> I'm not a go developer and must be misunderstanding something...
I think it's coz not EVERY language's lockfile comes with checksum
So, Go's go.mod is functionally equivalent Ruby Gem lockfile (that doesn't have checksum) but need to get go.sum to be equivalent to npm's (that does come with checksum)
Author just compared it to languages where lockfile means just version lock
Let's assume I publish a github repo with some go code, and tag a particular commit with tag v1.0.0. People start using it and put v1.0.0 into their go.mod file. They use the golang proxy to fetch the code (and that proxy does the "verification", according to your comment). Now I delete the v1.0.0 tag and re-create the tag to point to different (malicious) commit. Will the golang proxy notice? How does it verify that the people that expect the former commit under the v1.0.0 tag will actually get that and not the other (malicious) commit?
its stored forever in the proxy cache and your new tag will never be fetched by users who go through the language's centralized infrastructure (i.e. proxy).
go can also validate the checksums (go.sum) against the languages central infrastructure that associates version->checksums.
i.e. if you cut a release, realize you made a mistake and try to fix it quitely, no user will ever see it if even one user saw the previous version (and that one user is probably you, as you probably fetched it through the proxy to see the mistake)
This is mistaken. The Go module proxy doesn't make any guarantee that it will permanently store the checksum for any given module. From the outside, we would expect that their policy is to only ever delete checksums for modules that haven't been fetched in a long time. But in general, you should not base your security model on the notion that these checksums are stored permanently.
> The Go module proxy doesn't make any guarantee that it will permanently store the checksum for any given module
Incorrect. Checksums are stored forever, in a Merkle Tree, meaning if the proxy were to ever delete a checksum, it would be detected (and yes, people like me are checking - https://sourcespotter.com/sumdb).
Like any code host, the proxy does not guarantee that the code for a module will be available forever, since code may have to be removed for legal reasons.
But you absolutely can rely on the checksum being preserved and thus you can be sure you'll never be given different code for a particular version.
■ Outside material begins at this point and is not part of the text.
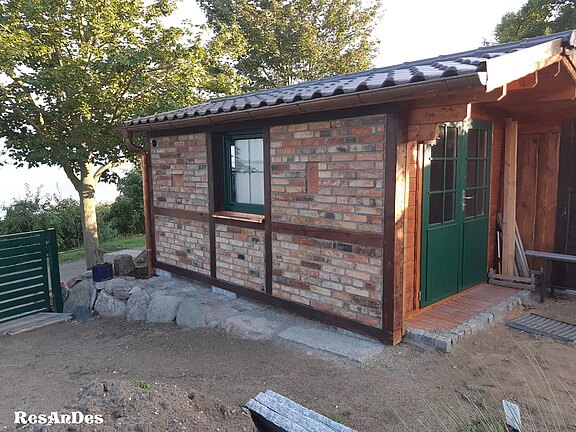 Gartenhaus aus historischen Ziegeln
Ah, my mistake. I had read in the FAQ that it does not guarantee that data is stored forever, but overlooked the part about preserving checksums specifically.
To be very pedantic, there are two separate services: The module proxy (proxy.golang.org) serves cached modules and makes no guarantees about how long cache entries are kept. The sum database (sum.golang.org) serves module checksums, which are kept forever in a Merkle tree/transparency log.
Ok. So to answer the question whether the code for v1.0.0 that I downloaded today is the same as I downloaded yesterday (or whether the code that I get is the same as the one my coworker is getting) you basically have to trust Google.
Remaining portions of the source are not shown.